During contract negotiations one year, talks broke down between his agent and the Jazz. John respectfully told his agent he’d take care of it, and with a handshake agreed to terms with the owner.
Friend to All
John invited me and my wife Mary, a GU classmate of John’s, to a dinner in his honor in Salt Lake City on the occasion of the retirement of his #12 Jazz jersey. One speaker after another told of things that made John the true gentleman that he was . . . none of the stories focused on his amazing NBA career, never mind he remains the league’s career leader in steals and assists, and is a 10-time NBA all-star.
Longtime teammate and fellow Hall of Famer Karl Malone talked about his mom’s illness, and the daily calls he’d receive from John asking how she was doing. When she died, Malone planned a small funeral service in a secluded part of Louisiana where he grew up. He expected only a handful to find the place in the back-country bayou, and welled with tears as he recalled seeing John enter the church.
Coach Jerry Sloan talked about a friend whose 14-year-old son was dying of cancer. Well aware of the demands on his players’ time, he was reluctant to ask John for a favor. But in his passion to help a friend, Sloan asked John if he’d visit the youngster in an Ogden, Utah hospital. John agreed as long as “there’s no media or publicity about this,” Sloan recalled. His voice cracking, the coach told of the more-than-one-hour visit John had with this young man, talking basketball and whatever else was on the kid’s mind, both faces lighting up throughout the conversation. A day later the young lad died, perhaps at peace.

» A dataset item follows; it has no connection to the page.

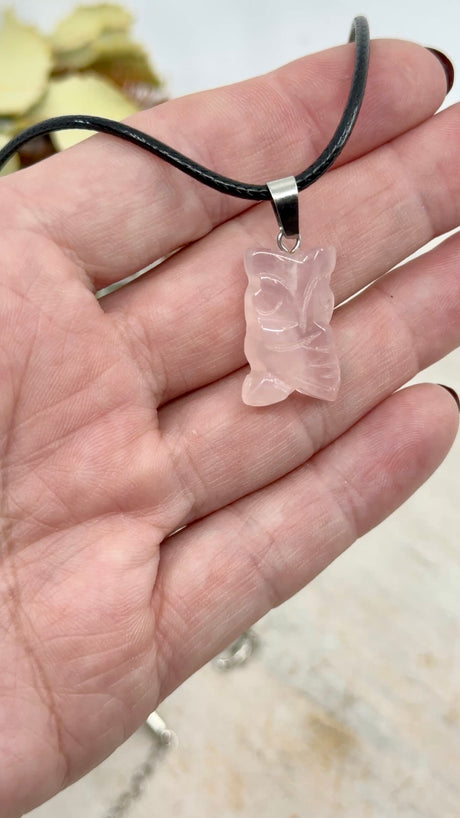 Rose Quartz owl pendant 24x14x7mm stainless steel finding – pink healing crystal for love, wisdom and emotional healing – Inspired By 3 Crystals Australia.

Gonzaga employee Cindy Perry recalls a time when her son, playing first base on the same team as John’s son, stretched for an errant throw and the hitter ran through his arm and broke it. Behind the scenes, John reportedly contacted and arranged for his orthopedic doctor to tend to this young man in the hospital ER. “We knew each other only through our connection to the baseball team, yet he went out of his way to make sure our son was seen by the best,” Cindy said. “But I suspect he’ll never admit being the one who arranged this special care for our son.”
So while John Houston Stockton is inducted into the WCC Hall of Honor for his basketball prowess, it is his human qualities that make him a hall-of-famer in the minds of those who know him best.